Well, almost certainly not. It’s pretty normal that if you go to the “end” of results for any query on Google with a lot of matches, you’ll get an “omitted” message. This
is Google’s way of telling you that there are a lot of pages it considers similar to each other.

OK, it is annoying that when you go through some of these omitted results, they may indeed turn out to be more unique that what Google’s automated processes think. But
that’s a Google indexing problem, not a conspiracy with China.

Heck, search for my name, Danny Sullivan, on Google. When you get out to the 816th (or so)
result, you’ll notice Google comes up with this message:

In order to show you the most relevant results, we have omitted some entries very similar to the 816 already displayed.
If you like, you can repeat the
search with the omitted results included

It’s fair to say, China had nothing to do with “omitting” these results that seem largely about me from the initial Google search.
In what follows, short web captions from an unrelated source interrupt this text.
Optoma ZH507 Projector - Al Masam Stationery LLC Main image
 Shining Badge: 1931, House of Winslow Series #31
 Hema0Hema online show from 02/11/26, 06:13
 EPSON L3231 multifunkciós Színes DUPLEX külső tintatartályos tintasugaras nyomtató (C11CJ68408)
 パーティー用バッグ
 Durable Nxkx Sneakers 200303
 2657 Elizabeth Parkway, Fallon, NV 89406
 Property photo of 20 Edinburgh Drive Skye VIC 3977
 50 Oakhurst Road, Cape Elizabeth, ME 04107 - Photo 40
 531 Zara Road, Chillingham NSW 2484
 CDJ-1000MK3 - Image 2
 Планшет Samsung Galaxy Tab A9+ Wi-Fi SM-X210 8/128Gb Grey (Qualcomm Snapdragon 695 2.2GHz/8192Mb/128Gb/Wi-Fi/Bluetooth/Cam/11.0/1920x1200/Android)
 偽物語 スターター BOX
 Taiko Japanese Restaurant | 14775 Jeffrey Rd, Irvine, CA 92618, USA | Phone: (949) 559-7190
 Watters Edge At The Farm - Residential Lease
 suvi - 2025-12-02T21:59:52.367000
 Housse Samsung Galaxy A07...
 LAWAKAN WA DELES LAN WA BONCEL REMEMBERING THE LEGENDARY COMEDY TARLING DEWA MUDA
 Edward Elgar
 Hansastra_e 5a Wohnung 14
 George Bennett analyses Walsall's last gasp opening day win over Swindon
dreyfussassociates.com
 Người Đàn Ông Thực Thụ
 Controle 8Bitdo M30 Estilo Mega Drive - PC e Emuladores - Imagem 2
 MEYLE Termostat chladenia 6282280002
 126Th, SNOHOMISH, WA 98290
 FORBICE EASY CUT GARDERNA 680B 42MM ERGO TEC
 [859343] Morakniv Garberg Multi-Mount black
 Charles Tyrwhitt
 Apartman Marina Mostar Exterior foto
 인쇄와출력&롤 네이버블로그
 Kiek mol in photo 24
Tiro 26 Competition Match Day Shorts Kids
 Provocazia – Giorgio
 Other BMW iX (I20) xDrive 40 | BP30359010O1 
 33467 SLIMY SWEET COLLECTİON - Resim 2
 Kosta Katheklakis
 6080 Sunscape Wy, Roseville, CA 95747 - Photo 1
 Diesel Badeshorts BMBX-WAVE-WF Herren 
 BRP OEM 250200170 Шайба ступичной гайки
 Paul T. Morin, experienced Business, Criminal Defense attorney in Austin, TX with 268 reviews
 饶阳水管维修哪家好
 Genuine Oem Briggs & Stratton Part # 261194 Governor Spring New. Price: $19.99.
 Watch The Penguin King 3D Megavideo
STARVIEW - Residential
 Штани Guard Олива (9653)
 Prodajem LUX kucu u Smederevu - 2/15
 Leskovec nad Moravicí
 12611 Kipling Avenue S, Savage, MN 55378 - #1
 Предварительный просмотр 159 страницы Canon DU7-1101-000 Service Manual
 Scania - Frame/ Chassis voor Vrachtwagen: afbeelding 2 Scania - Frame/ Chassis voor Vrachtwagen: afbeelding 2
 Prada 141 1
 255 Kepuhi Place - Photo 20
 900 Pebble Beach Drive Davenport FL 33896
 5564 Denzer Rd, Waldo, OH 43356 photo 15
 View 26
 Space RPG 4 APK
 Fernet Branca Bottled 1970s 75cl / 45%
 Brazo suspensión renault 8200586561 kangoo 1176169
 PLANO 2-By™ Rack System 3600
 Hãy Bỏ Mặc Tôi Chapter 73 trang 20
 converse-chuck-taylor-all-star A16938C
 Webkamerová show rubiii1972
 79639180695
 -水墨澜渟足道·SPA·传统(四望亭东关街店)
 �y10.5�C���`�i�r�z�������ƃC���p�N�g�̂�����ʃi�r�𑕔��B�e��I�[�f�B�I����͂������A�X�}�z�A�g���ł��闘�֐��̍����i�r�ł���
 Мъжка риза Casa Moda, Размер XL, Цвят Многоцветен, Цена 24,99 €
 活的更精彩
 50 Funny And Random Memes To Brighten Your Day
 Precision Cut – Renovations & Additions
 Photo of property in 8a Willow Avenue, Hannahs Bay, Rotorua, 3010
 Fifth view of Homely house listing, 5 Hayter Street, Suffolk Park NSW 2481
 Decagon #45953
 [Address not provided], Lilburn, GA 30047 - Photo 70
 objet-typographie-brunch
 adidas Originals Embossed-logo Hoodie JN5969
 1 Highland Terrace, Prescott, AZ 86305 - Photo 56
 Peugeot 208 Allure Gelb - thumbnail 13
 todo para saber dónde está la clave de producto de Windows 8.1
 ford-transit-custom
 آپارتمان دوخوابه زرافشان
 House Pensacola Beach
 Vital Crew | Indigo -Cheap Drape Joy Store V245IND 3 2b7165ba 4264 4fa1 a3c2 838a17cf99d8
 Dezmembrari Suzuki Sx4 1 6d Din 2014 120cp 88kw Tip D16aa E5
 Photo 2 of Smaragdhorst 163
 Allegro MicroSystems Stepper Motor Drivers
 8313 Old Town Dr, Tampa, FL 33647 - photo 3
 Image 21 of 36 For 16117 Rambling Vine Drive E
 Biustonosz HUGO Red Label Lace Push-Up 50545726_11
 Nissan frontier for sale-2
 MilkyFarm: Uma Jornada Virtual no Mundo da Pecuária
The same is almost certainly
the case with Zhang Lin’s situation.

Zhang Lin’s also upset that Google’s “Chinese Department” failed to correct an “obvious mistake” of not listing him tops. Another sign of Chinese
government interference?

If so, then perhaps the race car driver Danny Sullivan will be complaining to the US government that Google fails to list him at the top of Google’s results instead of me,
clearly another obvious mistake. Or in reality, just a sign that relevancy is in the eye of the beholder (for more on this, see my
In Search Of The Relevancy Figure article).

Any search engine censorship of material in response to national laws is a concern to searchers (and nor as I’ve
is Google alone in doing this). But it’s also a concern that censorship may be assumed, when it actually
doesn’t appear to be the case. That’s the situation as far as I can see it here.

In a related story, Google China censorship: more mentions a program those in China can use to overcome filtering and mentions
that Yahoo China does filtering as well.